Under the Operating Agreement, each of Caterpillar and Navistar will initially own 50% of the ownership interests in the Joint Venture Company.  Upon the execution of the Operating Agreement, each of Caterpillar and Navistar will contribute $45.5 to the Joint Venture as an initial capital contribution.  In addition, each of Caterpillar and Navistar are committed to provide the Joint Venture Company with up to an additional $123.4 million of required funding over the following three years.  Each year the Board of Directors of the Joint Venture Company must agree to an annual and a five-year rolling business plan, which include additional three year funding commitments.
 
Pursuant to the Operating Agreement, the Joint Venture Company will have a Board of Directors consisting of six directors, with Caterpillar and Navistar each appointing three of the directors.  A President, appointed by Navistar, will manage the Joint Venture Company’s day-to-day operations.  The President and the Chief Financial Officer, which shall be appointed by Caterpillar, will each be appointed for a three year term.  The initial term of the Operating Agreement will be 25 years, subject to five-year extensions upon written agreement of Caterpillar and Navistar.  The Operating Agreement contains various termination provisions; however, the Joint Venture Business may not be terminated by either Caterpillar or Navistar without mutual consent unless a material breach, a deadlock with respect to an annual or a five-year rolling business plan (at least five years after execution of the Operating Agreement), a dilution of Caterpillar’s or Navistar’s ownership interest below 25%, or a change of control of Caterpillar or Navistar has occurred, whereupon a party may terminate the Operating Agreement or, in certain instances, buyout the other party pursuant to the terms of the Operating Agreement.
 
Under the Operating Agreement, the Joint Venture Company, Caterpillar, Navistar and their affiliates are subject to various exclusivity and non-competition provisions.  Subject to certain exceptions, Caterpillar, Navistar and their affiliates are prohibited from engaging in business, either directly or indirectly, within the scope of the Joint Venture Business.
 
The form of Operating Agreement to be executed in connection with the formation of the Joint Venture Company is attached as an Exhibit 1 to the Truck Business Relationship Agreement and is incorporated herein by reference.

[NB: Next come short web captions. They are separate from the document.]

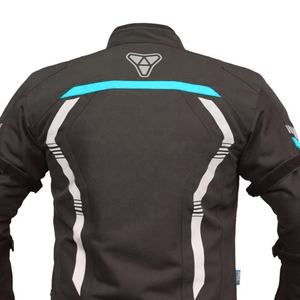 Chaqueta corta para montar en motocicleta para hombre, equipo de turismo textil impermeable con tiras reflectantes, protección de armadura para verano e invierno - Product Image 6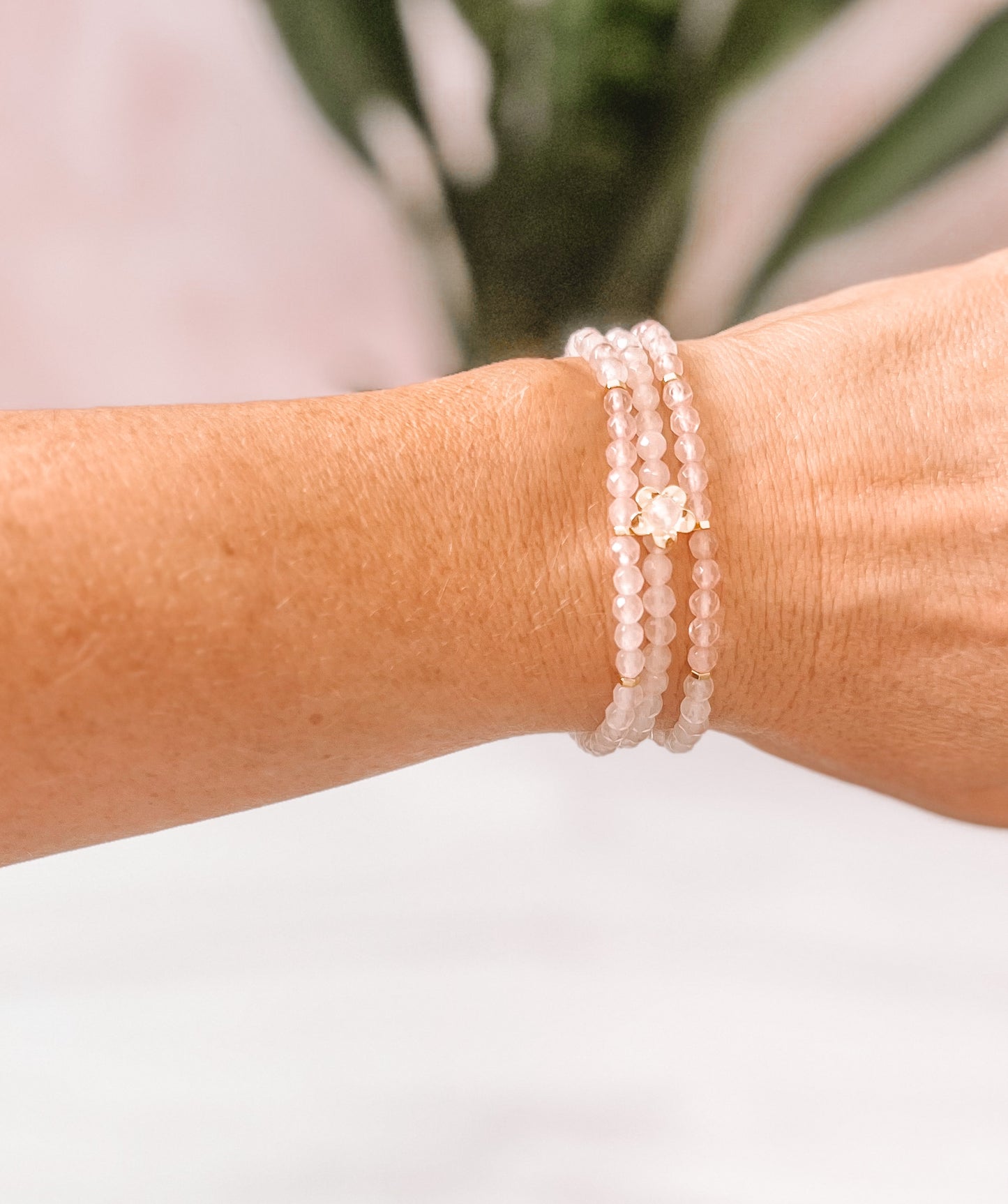 Love Rose Quartz Bracelet Stack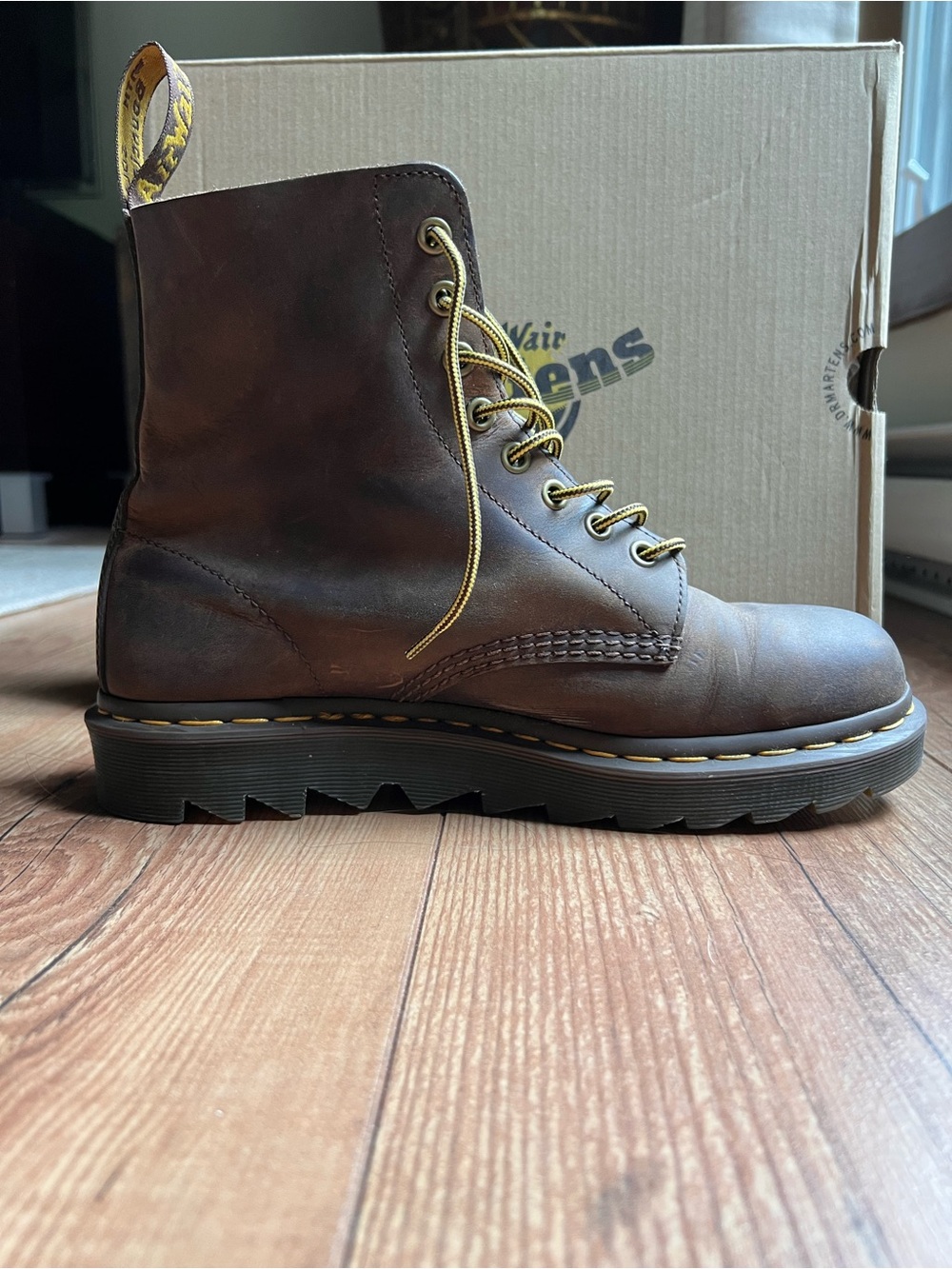 Dr Martens 1460 Ziggy in Crazy Horse leather. men size 9US 8UK 42EU - Picture 6 of 11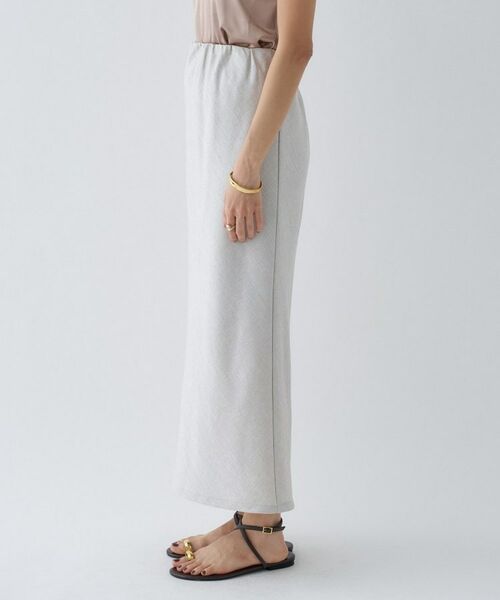 cloenc / クロエンス ロング・マキシ丈スカート | 【セットアップ／接触冷感／マシンウォッシュ】リネンライクシャークスカート | 詳細21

The foregoing description of the Operating Agreement does not purport to be complete and is qualified in its entirety by reference to the Operating Agreement.

Cautionary Statement

The Truck Business Relationship Agreement is included in this report to provide investors with information regarding its terms. Except for its status as a contractual document that establishes and governs the legal relations between Caterpillar and Navistar as parties thereto with respect to the transaction described in this report, the Truck Business Relationship Agreement is not intended to be a source of factual, business or operational information about Caterpillar or Navistar.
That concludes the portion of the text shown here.